Matt DiSanto, Staff Writer

On November 7th, 2017, famous Toronto Blue Jays and Philadelphia Phillies pitcher Roy Halladay passed away in a tragic plane crash miles away from the Gulf Coast.

Although only forty years old, Halladay led an incredible life prior to his unfortunate and sudden passing. The eight-time All-Star earned two Cy Young awards and threw a perfect game and two no-hitters, one of which occurred in the postseason.

While Halladay began his baseball career with the Toronto Blue Jays in 1998, his career with the Philadelphia Phillies began in 2010. His ace-level pitching helped to lead the team to five consecutive division championships and solidified his status as one of the best pitchers in the game.

A memorial was held for Roy Halladay on November 14th at Spectrum Field near his home in Clearwater, Florida. Many family, friends, and former teammates gathered to celebrate the spectacular but short life of the famed pitcher.

Halladay’s teammates all agreed on one thing: he was one of the best teammates they had ever played with. Chase Utley noted that he “was the real deal”, calling Halladay “the best teammate [he] ever played with and the most fierce competitor [he has] ever seen”, a surprising comment coming from the famously-stoic second baseman. Leaving behind two sons and a wife, Halladay’s passing impacted anyone who knew him.

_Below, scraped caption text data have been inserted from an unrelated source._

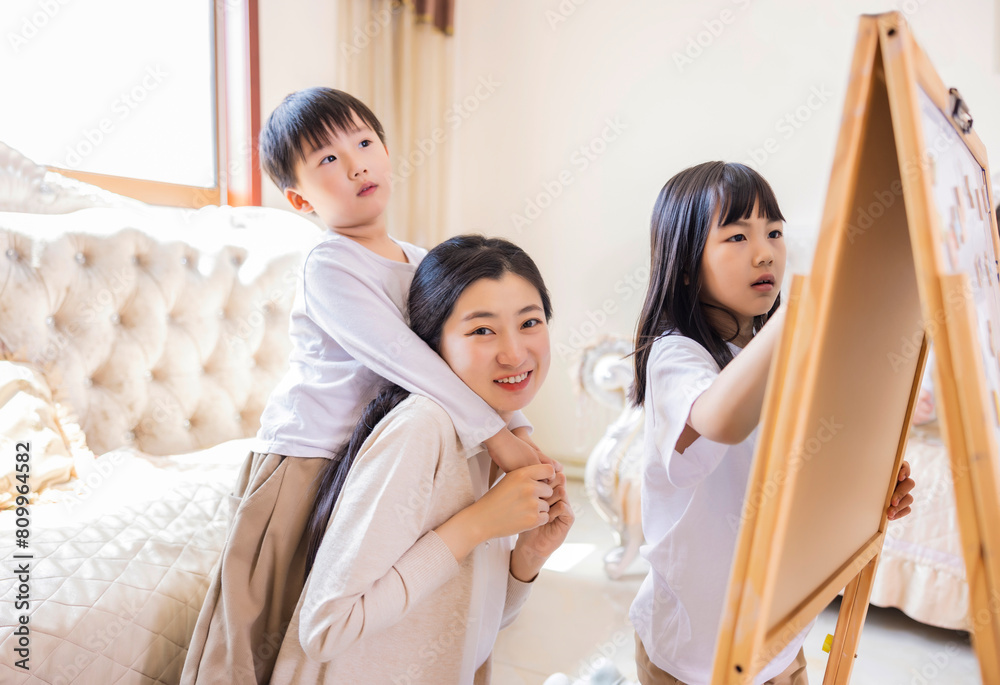 In the living room, the young mother accompanied the two siblings to play games In the living room, the young mother accompanied the two siblings to play games
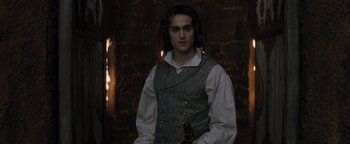 Movie still from “Queen of the Damned” (2002), directed by Michael Rymer – A man in a vest holding a sword in front of a brick wall; Medium shot, Over the shoulder angle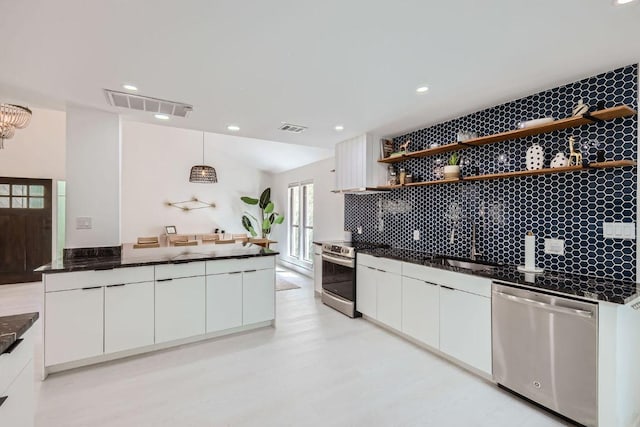 kitchen with appliances with stainless steel finishes, a sink, visible vents, and white cabinetry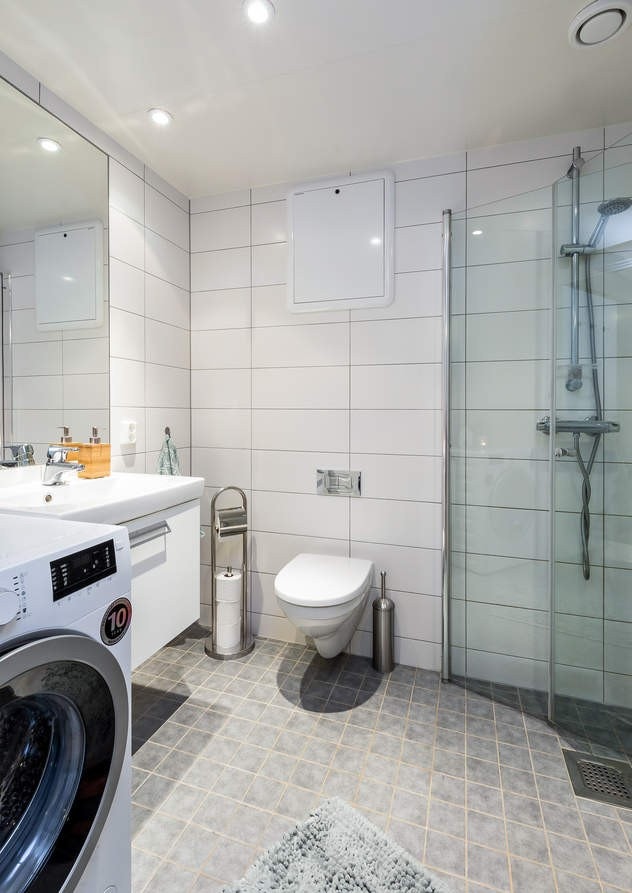 Kombinert bad og vaskerom med flis på golv og veggar. Badet er innreiia med servant i underskåp, spegel, vegghengt toalett, veggmontert dusj med dusjveggar og vaskemaskin. Galleribilde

As a diehard Phillies fan myself, the loss of Roy Halladay is all too tough to stomach. I remember the day he was acquired and how he was so excited to come to Philadelphia. Halladay represented this city better than most athletes, as he was determined, driven, and incredibly persistent, which translated directly to his pitching style.

Even though his life ended all too early, Halladay has certainly earned himself a spot in both the Phillies and National Baseball Hall of Fame. His spirit and love for the game could never be replaced, but hopefully the Phillies will be able to live up to the high standards he established in the clubhouse.

So long, Doc. Thanks for bringing memories to both Philadelphia and baseball fans far and wide.